29 lutego 2016

Zadania domowe

Zadania domowe - zadawać czy nie zadawać? Ostatnio w mediach znów głośno na ten temat. Przyznam, że sama mam mieszane uczucia, chociaż staram się trzymać systemu ustalonego z rodzicami na początku roku szkolnego. Jak sami jednak wiecie, zadowolić wszystkich się nie da...

W zeszłym roku w klasie 6-latków pojawił się ogromny problem i mnóstwo skarg rodziców (taka klasa...), że jakim prawem pani zadaje dzieciom do domu i później stawia np. złe oceny za brak zadania. Więc w odpowiedzi dyrekcja zdecydowała, że mamy 6-latkom NIE ZADAWAĆ W OGÓLE, a jeśli już, to tylko dla chętnych. Ja w tym roku otrzymałam podobną sugestię od pani dyrektor. Pozwoliłam się jednak z nią nie zgodzić i wyjaśniłam swoje stanowisko:

Pracujemy od poniedziałku do piątku i zadania domowe są zwykle codziennie, na weekendy nie zadaję. To jest czas wolny i dla mnie i dla dzieci. Czas na odrobienie zadania nie zajmuje więcej niż 20 min w ciągu dnia. Ocen niedostatecznych za brak zadania nie stawiam, piszę tylko: brak zadania, uzupełnij i ewentualnie odnotowuję w dzienniku z opisem. Odrobione zadania zazwyczaj oceniam naklejkami motywującymi z napisem: super, brawo, wspaniale, znakomicie itp.

Rodzice się na taki system zgodzili, z informacji zwrotnej wiem, że się sprawdza. Nikt nie narzeka, że jest zadań za dużo (no, może z wyjątkiem jednej mamy, która pracuje do wieczora i tak naprawdę nie ma czasu dla dziecka i nawet owe 20 min wydaje się jej ZA DŁUGO), niektórzy twierdzą, że powinno być więcej.
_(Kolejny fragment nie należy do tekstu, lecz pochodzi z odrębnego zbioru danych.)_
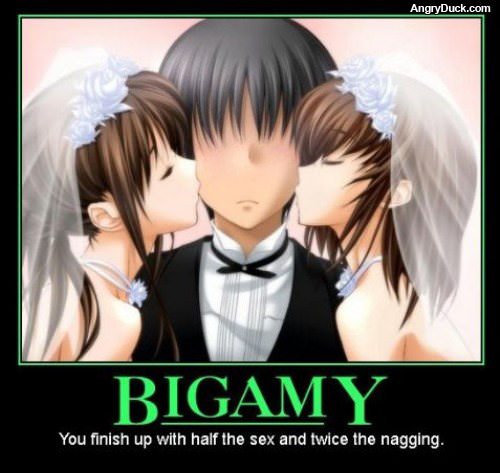 Bigamy
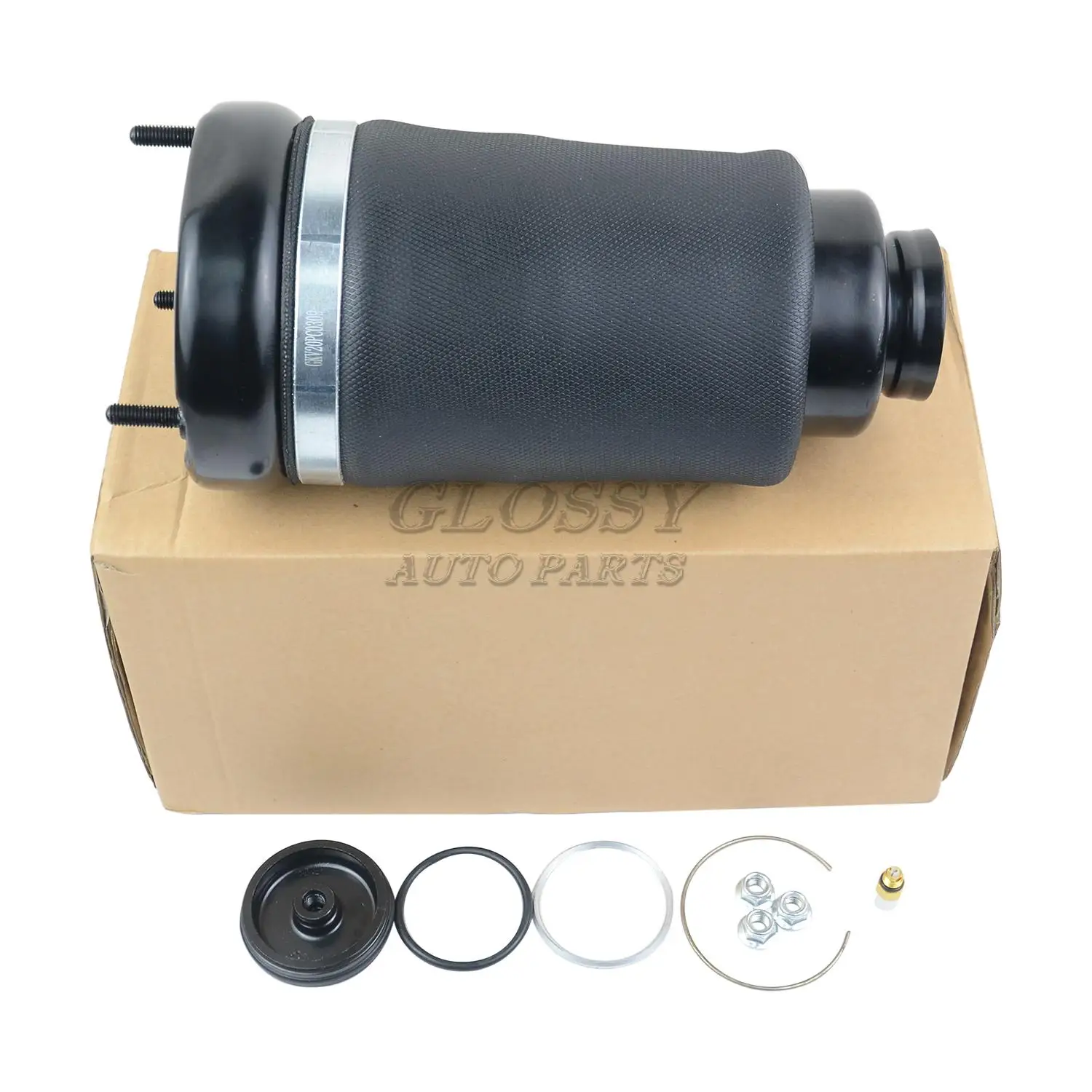 AP02 Новая передняя пневматическая подвеска для Mercedes Benz M ML GL Class X164 W164 SSA02575N 1643204313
Cóż, jak ktoś chce dodatkowo z dzieckiem pracować - nie bronię.
Musiałam po prostu znaleźć złoty środek :-)

Zadania domowe tak naprawdę nie są dla mnie, tylko dla dziecka, by nauczyć je systematycznej pracy w domu i utrwalić wiedzę zdobytą w czasie lekcji. Broń Boże, nie zadaję zadań ponieważ nie zdążyłam zrealizować materiału w czasie lekcji. Jeśli z jakiegoś powodu nie zdążyłam to odkładam to na następny dzień. Dostosowuję się do tempa większości klasy. Kto kończy zadanie szybicej dostaje dodatkowe karty pracy, żeby się nie nudził, ale nie obciążam dzieci i rodziców, bo czegoś nie zdążyły w czasie lekcji. Zadania domowe są zawsze zaplanowane.

Takie mam podejście do zadań domowych. Możecie się z nim zgadzać lub nie...chętnie poczytam w komentarzach Wasze opinie na ten temat.